▶ _INFORMATION_:
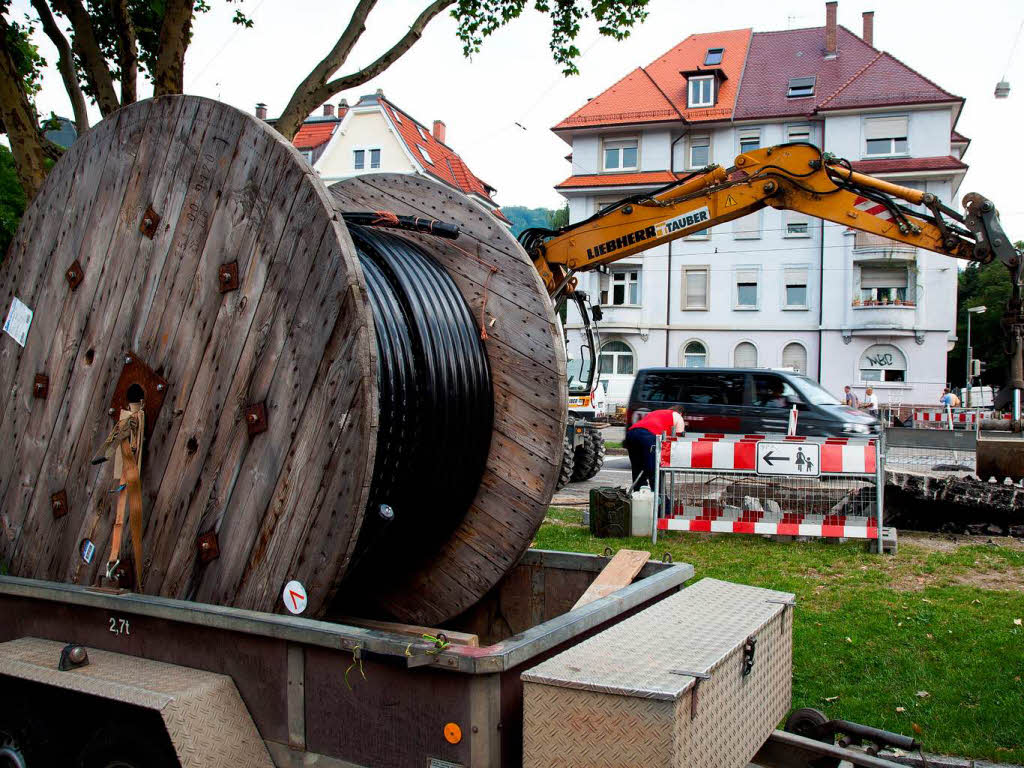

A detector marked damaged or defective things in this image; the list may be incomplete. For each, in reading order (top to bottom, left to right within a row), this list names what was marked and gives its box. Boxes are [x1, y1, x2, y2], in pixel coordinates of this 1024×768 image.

rusty metal plate [140, 205, 161, 239]
rusty metal plate [65, 262, 83, 290]
rusty metal plate [217, 260, 238, 292]
rusty metal plate [109, 352, 166, 436]
rusty metal plate [243, 403, 266, 438]
rusty metal plate [49, 493, 67, 524]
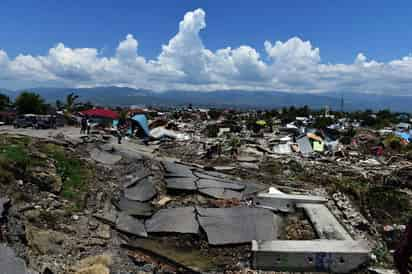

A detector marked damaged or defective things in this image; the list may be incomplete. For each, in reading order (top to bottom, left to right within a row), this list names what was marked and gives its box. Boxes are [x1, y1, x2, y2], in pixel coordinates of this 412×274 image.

broken concrete slab [89, 148, 121, 165]
broken concrete slab [163, 161, 195, 178]
broken concrete slab [123, 176, 157, 201]
broken concrete slab [113, 196, 154, 217]
broken concrete slab [115, 212, 147, 238]
broken concrete slab [146, 207, 200, 234]
cracked concrete slab [146, 207, 200, 234]
broken concrete slab [196, 207, 280, 245]
cracked concrete slab [196, 209, 280, 245]
broken concrete slab [0, 244, 29, 274]
broken concrete slab [251, 240, 370, 272]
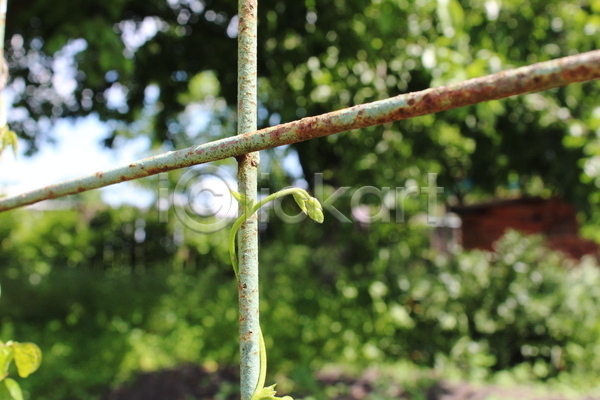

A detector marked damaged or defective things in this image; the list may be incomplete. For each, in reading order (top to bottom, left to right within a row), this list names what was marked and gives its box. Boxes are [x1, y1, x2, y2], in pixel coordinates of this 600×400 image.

peeling green paint on pipe [1, 48, 600, 212]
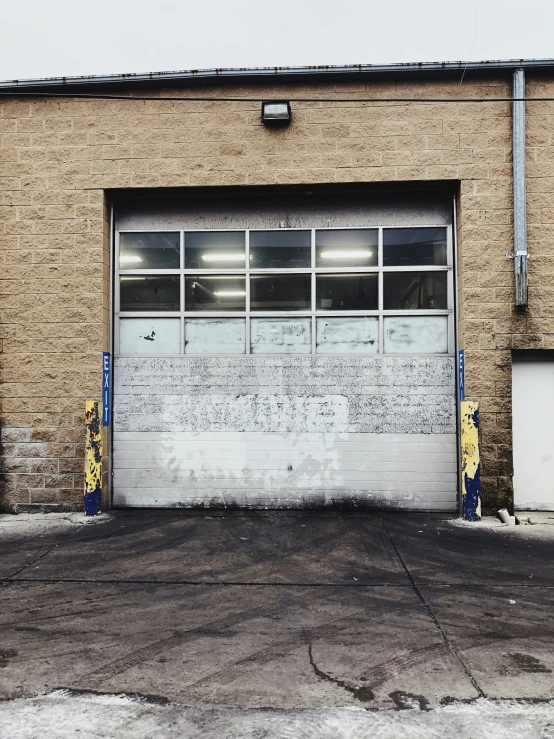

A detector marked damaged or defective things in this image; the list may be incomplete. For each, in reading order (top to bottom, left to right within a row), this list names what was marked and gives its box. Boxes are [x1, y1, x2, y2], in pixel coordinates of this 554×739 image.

cracked concrete ground [1, 512, 552, 736]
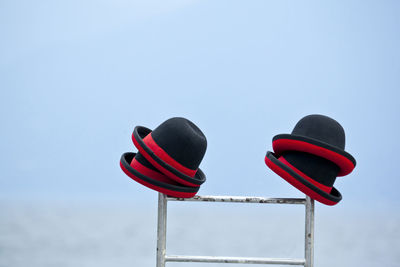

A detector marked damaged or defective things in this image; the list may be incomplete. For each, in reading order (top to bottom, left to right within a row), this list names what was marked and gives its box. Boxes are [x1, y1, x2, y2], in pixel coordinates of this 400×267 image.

rusty metal frame [155, 194, 314, 266]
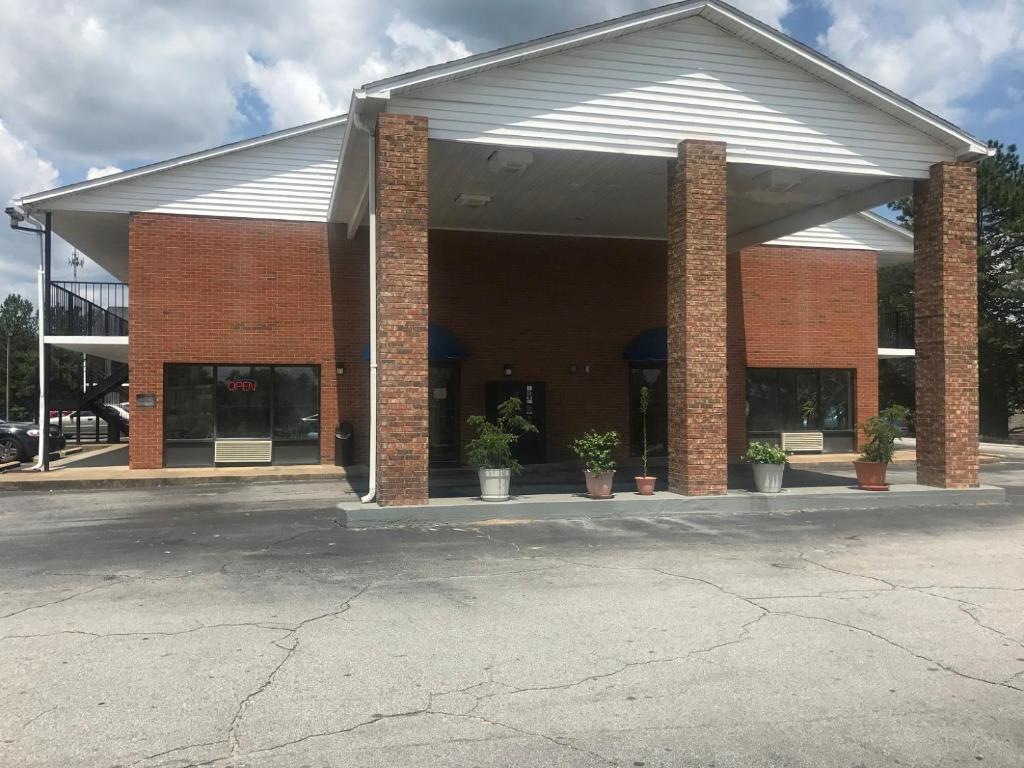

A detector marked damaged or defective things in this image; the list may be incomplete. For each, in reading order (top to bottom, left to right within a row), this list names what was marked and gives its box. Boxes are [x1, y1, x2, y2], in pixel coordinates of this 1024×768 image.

cracked asphalt [0, 456, 1019, 768]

▶ _PROBLEM_: Quote exactly, and only, the lines from the one containing "this 554×739 image." through the last line of the records above, both included; leave out any pictures.

▶ _TASK ANSWER_:
A detector marked damaged or defective things in this image; the list may be incomplete. For each, in reading order (top to bottom, left to right within a row), this list names what was marked and gives its box. Boxes are [x1, y1, x2, y2], in pixel coordinates of this 554×739 image.

cracked concrete ground [1, 512, 552, 736]

A detector marked damaged or defective things in this image; the list may be incomplete. For each, in reading order (top to bottom, left to right within a row), this list names what was marked and gives its box. Boxes are [x1, y1, x2, y2], in pixel coordinates of this 400×267 image.

rusty metal frame [155, 194, 314, 266]

A detector marked damaged or defective things in this image; the list may be incomplete. For each, in reading order (top to bottom, left to right within a row), this list names what was marked and gives its box. Boxes are [x1, y1, x2, y2], in pixel coordinates of this 1024×768 image.

cracked asphalt [0, 456, 1019, 768]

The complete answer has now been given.